アラブ城遠景。手前はパルミラの町。アラブ城近景。結構峻険。さすが要塞。
中は階段が多い。時期的に観光客は少ない。遺跡と夕陽という組み合わせは定番&永遠。


※クルアーン音読は昨日、第50章:カーフ章を読み終えた。もう少しで第26ジュズウが終了する。

ああ憧れのパルミラ遺跡④ 「パルミラはラスベガスである」説

2005年11月09日 06時30分07秒 | 中東ヘロヘロ紀行
ヒジュラ暦1426年シャッワル(10月)6日 ヤウム・ル・アフビアーィ(水曜日)

パルミラのシンボルともいうべき四面門(テトラピュロン)。

 他のツアーのオヤジが「列柱道路へレッチュウ・ゴー!!」と言った瞬間、パルミラに強い風が吹き抜けた。


 列柱道路は訳1.3キロほど続く、パルミラのメインストリートである。750本以上の柱が並び、ラクダが通るので舗装はされていなかった。


 列柱道路を歩きながら、旅行前に読んだ『シバの女王 砂に埋もれた古代王国の謎』(ニコラス・クルップ著:柴田裕之訳:紀伊国屋書店)の中の一説を思い出した。


 著者と一緒にパルミラを訪れた長女が、遺跡を見て「ヴェガス(ラスベガス)みたいね」とつぶやく。


 言われて見れば、沙漠の中に作られた一大都市であり、強烈な個性を持った建造物が並んでいたということを考えると、「なるほど」と感心してしまう。


 列柱道路がストリップ通り(*1)にあたるわけだな。
 四面門はラスベガスで言うと、ストラスフィア・タワー(*2)か? どちらもシンボル的な高めの建物であるし。
 で、浴場はホテル・ベラジオ(*3)だな。
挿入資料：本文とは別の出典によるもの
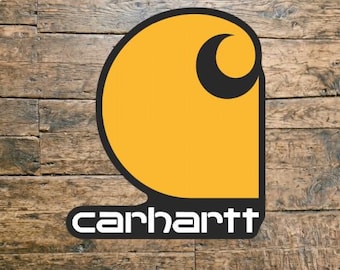 Carhartt Die Cut Sticker 4", 5.5" or 12" Work Wear Vinyl Decal Stickers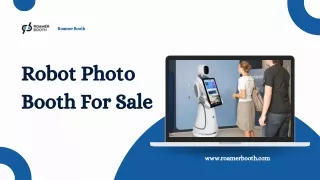 Robot Photo Booth For Sale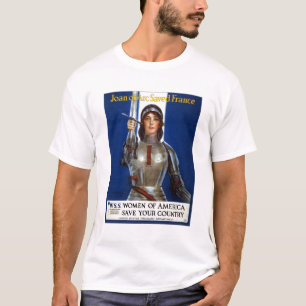 Vintage Retro Women Joan of Arc Saved France T-Shirt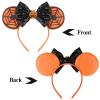 FANYITY Mouse Ears, Sequin Mouse Ears Headband for Boys Girls Women (ZZW) view 3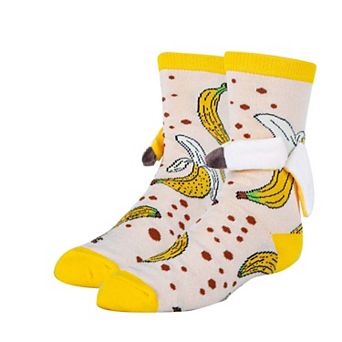 Kids' Crew Socks-Banana Nana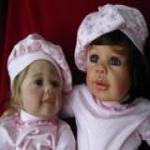 Сестрёнки, куклы от Моники Левениг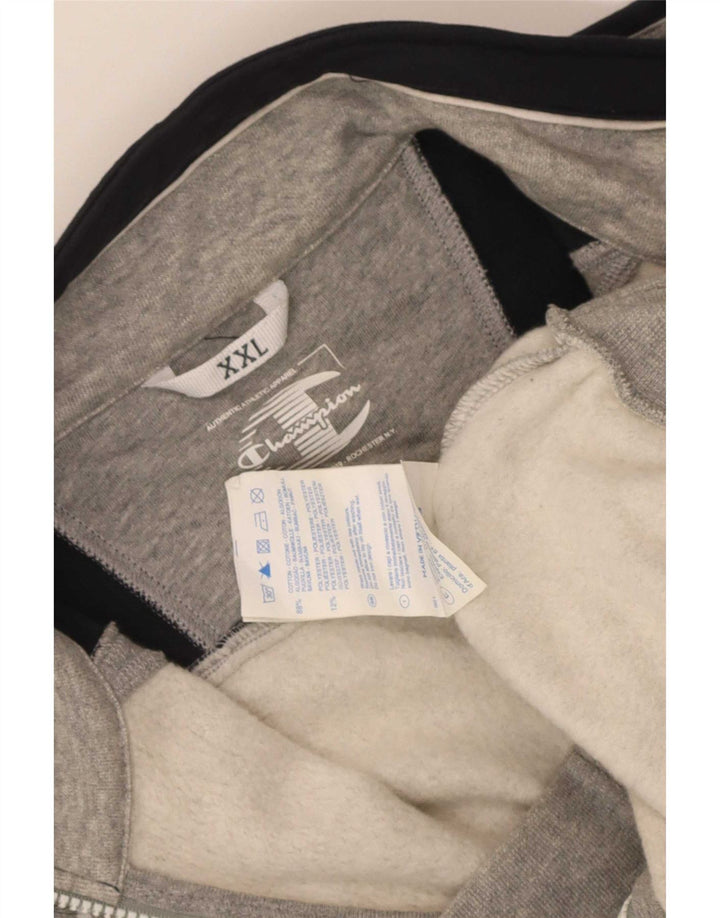 Champion Veste de survêtement pour homme 2XL Gris Colorblock Coton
沙漠の中で豊かな水をたたえている。
 ベル神殿は、MGMグランド(*4)にあたるのかな? それぞれの地域で最大級の建物であり、テーマパーク的な要素も備えている。
 劇場は、ラスベガスには豊富なだけに置き換えが難しいなあ。
 などと、なんとなく比較してみるのも楽しかった。


 そして、ふと、華々しかった列柱道路を、ゼノビア女王が凱旋パレードする姿を思い浮かべた。
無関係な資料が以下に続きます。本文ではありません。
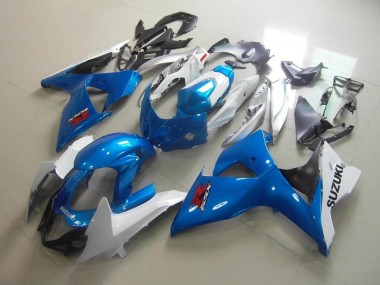 Blanc Bleu Carénages GSXR 1000 K9 2009-2016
 栄枯盛衰、ラスベガスも1000年ほど経ったら、古代遺跡になっていたりしてね。


*1:ラスベガスのメインストリートの名前。
*2:屋上にフリーフォールや、ジェットコースターのある、タワー状のホテル。
*3:巨大な池と噴水のショーで有名なホテル。K-1ラスベガス大会のかいじょうでもある。
*4:客室数5000以上の、世界最大級のホテル。テーマパーク、カジノ、ショッピングモールも付属。ライオンがシンボル。
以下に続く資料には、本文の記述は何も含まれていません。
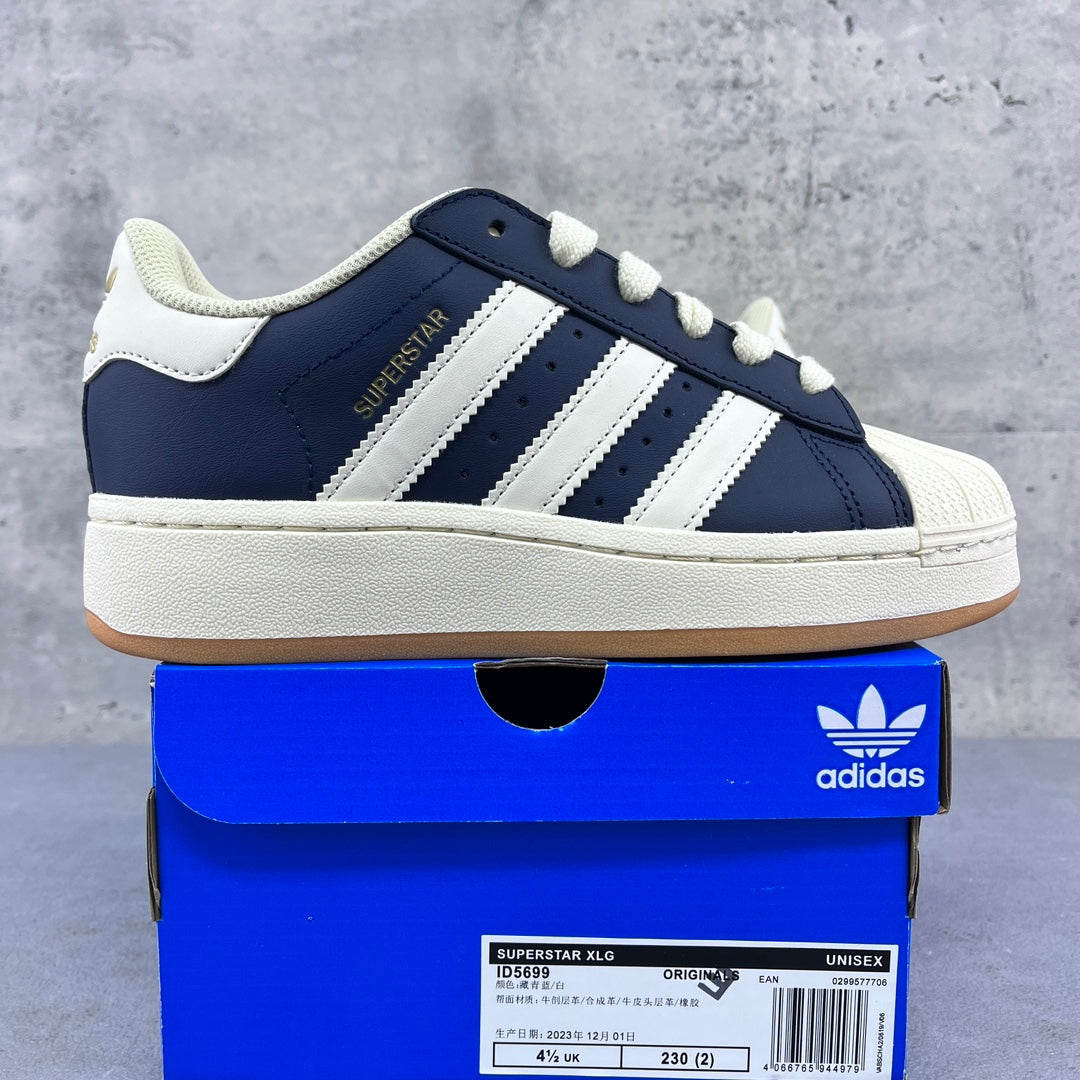 adidas Superstar XLG "College Navy / Cloud White"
野外劇場跡。半円形なのでギリシア型。取引場跡。取引後の宴会もここで行った。
列柱道路のまだ整備されていない部分。バールシャミン神殿。保存状態良好。

ああ憧れのパルミラ遺跡③ ベル神殿にて

2005年11月08日 06時07分38秒 | 中東ヘロヘロ紀行
ヒジュラ暦1426年シャッワル(10月)5日 ヤウム・ル・スラーサーィ(火曜日)

ベル神殿全景。

 実に久しぶりの「中東ヘロヘロ紀行」。旅行から3ヶ月が経ち、記憶も薄れつつある。
 何事も中途半端に終わりがちなので、なんとしても「中東ヘロヘロ紀行」くらいは、今年中に終わらせたい。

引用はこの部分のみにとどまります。